INSTRUCTIONS TO FOLLOW: Output the entries as they appear, skipping images.

PROVIDED RECORDS:
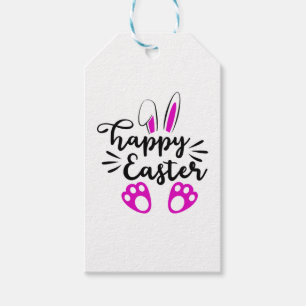 Happy easter gift tags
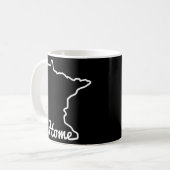 Mug Minnesota Accueil Mn State Map Minnesotan (Devant gauche)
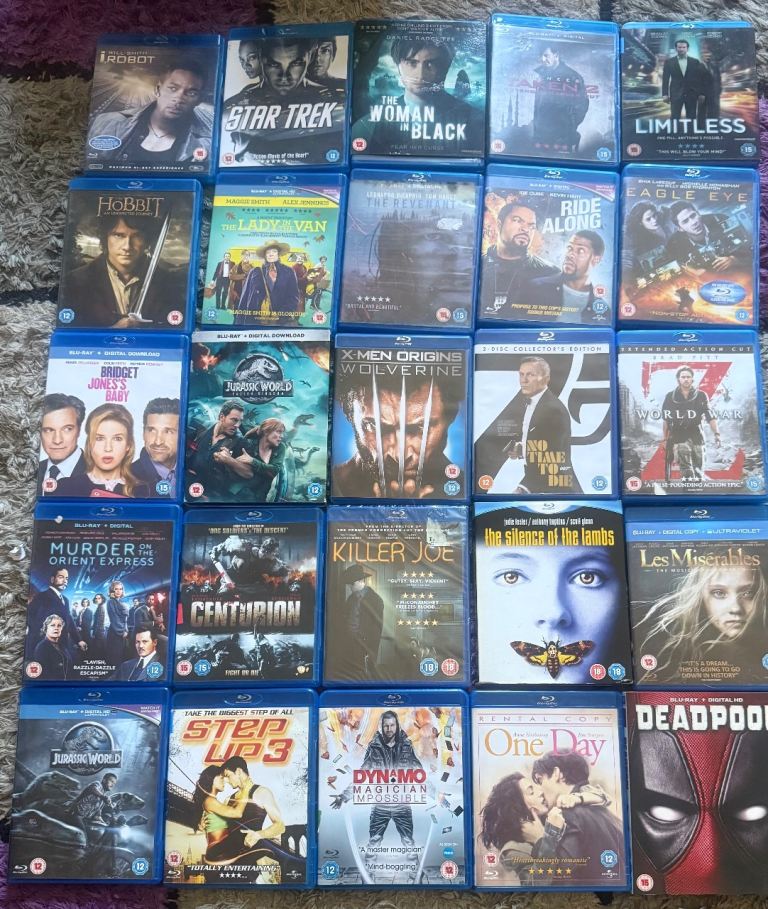 25  Blu-rays. Collection 2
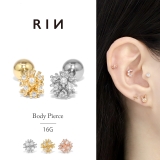 軟骨ピアス ジュエルボールキュービックジルコニアきらきら ボディピアス | ボディピアス専門店凛RIN | 詳細画像1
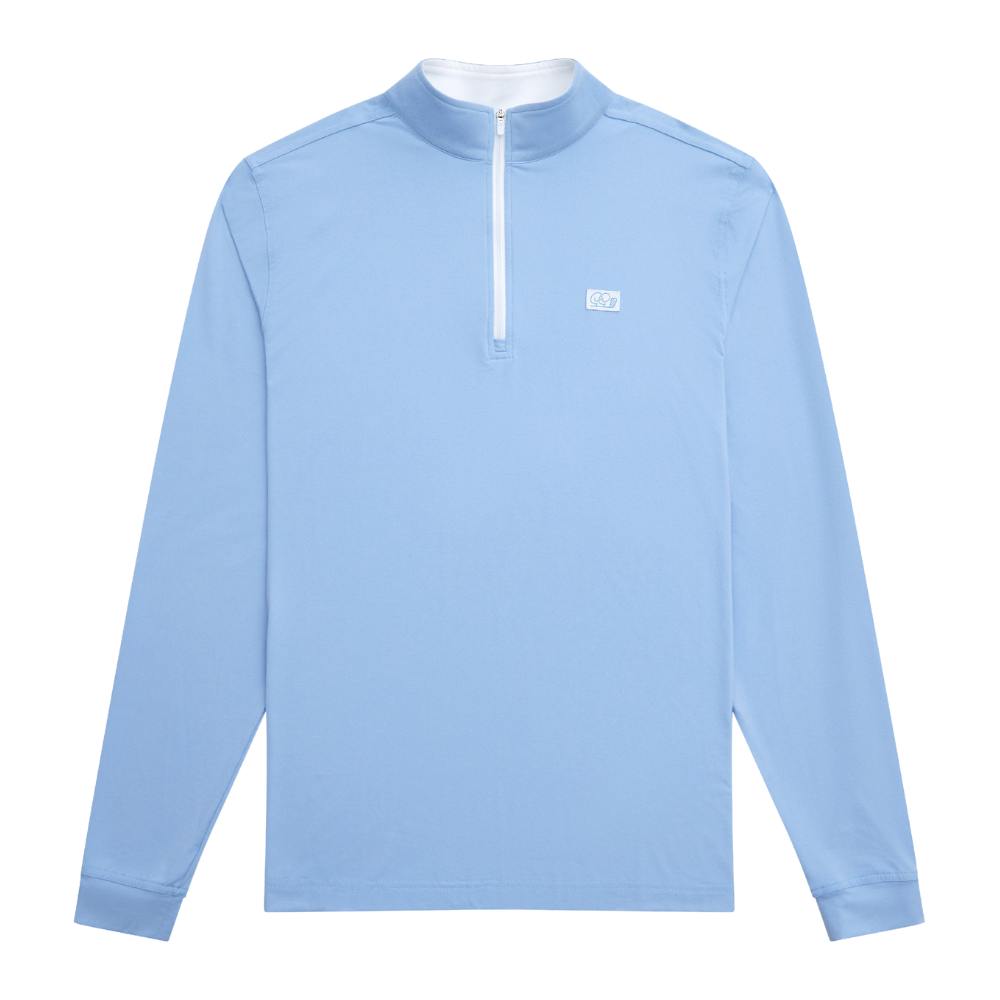 Good Good Men's Birdie Blue Quarter Zip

ANSWER BOX:
 Happy easter gift tags
 Mug Minnesota Accueil Mn State Map Minnesotan (Devant gauche)
 25  Blu-rays. Collection 2
 軟骨ピアス ジュエルボールキュービックジルコニアきらきら ボディピアス | ボディピアス専門店凛RIN | 詳細画像1
 Good Good Men's Birdie Blue Quarter Zip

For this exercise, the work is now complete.